Wien
Später Blick auf hohe Häuser
Erstmals wird das Wien-Mitte-Modell öffentlich gezeigt
Wien - Manchmal tut sich
auch ein Stadtrat schwer, die
Logik tagespolitischen Hickhacks (Sommerloch!) zu verstehen. Dass etwa Neo-VP-Obmann Alfred Finz vor wenigen Tagen Kritik an der
Baubewilligung für den
Hochhauskomplex über
Wien-Mitte äußerte, kann
Planungsstadtrat Rudolf Schicker (SP) nicht ganz nachvollziehen: "Flächenwidmung
und der Fluchtlinienbescheid
geben dem Eigentümer das
Recht zu bauen - beides
stammt aus dem Jahr 2000",
erklärte Schicker Mittwoch
anlässlich der Eröffnung der
Ausstellung "Wien Mitte -
gestern-heute-morgen", die
erstmals das Projekt über dem
zentralen Umsteigebahnhof
öffentlich zeigt.
"Damals", so Schicker,
"hieß der zuständige Planungsstadtrat Bernhard
Görg." Und der war bis vor
wenigen Wochen Chef der
Wiener ÖVP. "Das Recht rührt
von 2000 her, der nun erteilte
Baubescheid ist nur die
Pflichtübung dazu", präzisierte Schicker.

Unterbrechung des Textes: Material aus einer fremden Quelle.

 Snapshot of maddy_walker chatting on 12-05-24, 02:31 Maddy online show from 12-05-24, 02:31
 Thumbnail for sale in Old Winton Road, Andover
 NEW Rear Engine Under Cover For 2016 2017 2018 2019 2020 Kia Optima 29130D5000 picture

Dass nun wieder Forderungen nach einer Änderung des
Projektes laut werden, entspricht aber durchaus dem
Muster (kommunal-)politisch
üblicher "Diskurs"-Mechanismen: Am nächsten Tag ist
es ohnehin wieder vergessen.
Wenig Transparenz
Freilich: Allzu schwer hat
es der Projektbetreiber - die
Bank-Austria-Immobilientochter BAI - den Gegnern des
Wien-Mitte-Projektes nicht
gemacht, Ressentiments gegen die bis zu 97 Meter hohen
Türme über dem "Sauhaufen"
(© Michael Häupl) zu schüren. Während anderswo - etwa bei U-Bahn-Projekten -
schon lange vor der Flächenwidmung neben moderierten Diskussionsprozessen auch
Modelle, Pläne und Varianten
der geplanten Bauten öffentlich präsentiert werden, habe
- so Schicker - "der Bauträger
hier leider allergrößte Zurückhaltung" geübt.

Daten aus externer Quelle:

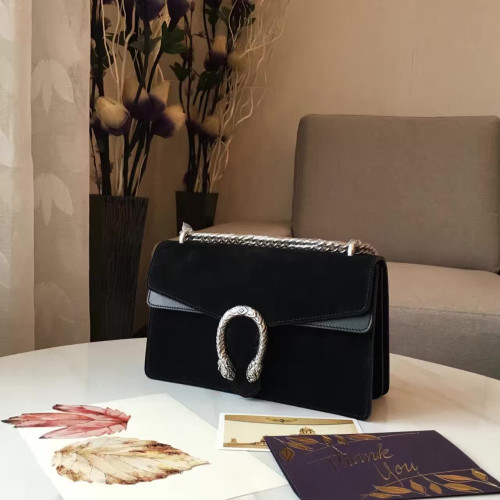 G*u*i-dionysus-replica-bag-black-33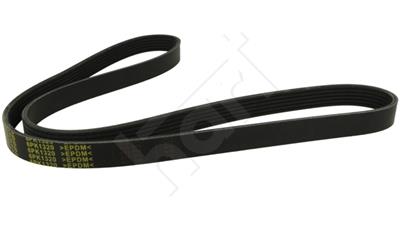 HART 368 930 EAN: 5901219468979.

Die ab Donnerstag im Architekturzentrum zu besuchende Ausstellung soll
diesen Fehler nun zumindest
ausbessern helfen. Dass die
Schau nur auf drei Wochen
angelegt ist, macht den Stadtrat allerdings nicht glücklich -
endet sie doch am 19. August.
Also lange bevor das Gros der
Wiener aus dem Urlaub zurückkommt. (rott/DER STANDARD, Print-Ausgabe, 25.7.2002)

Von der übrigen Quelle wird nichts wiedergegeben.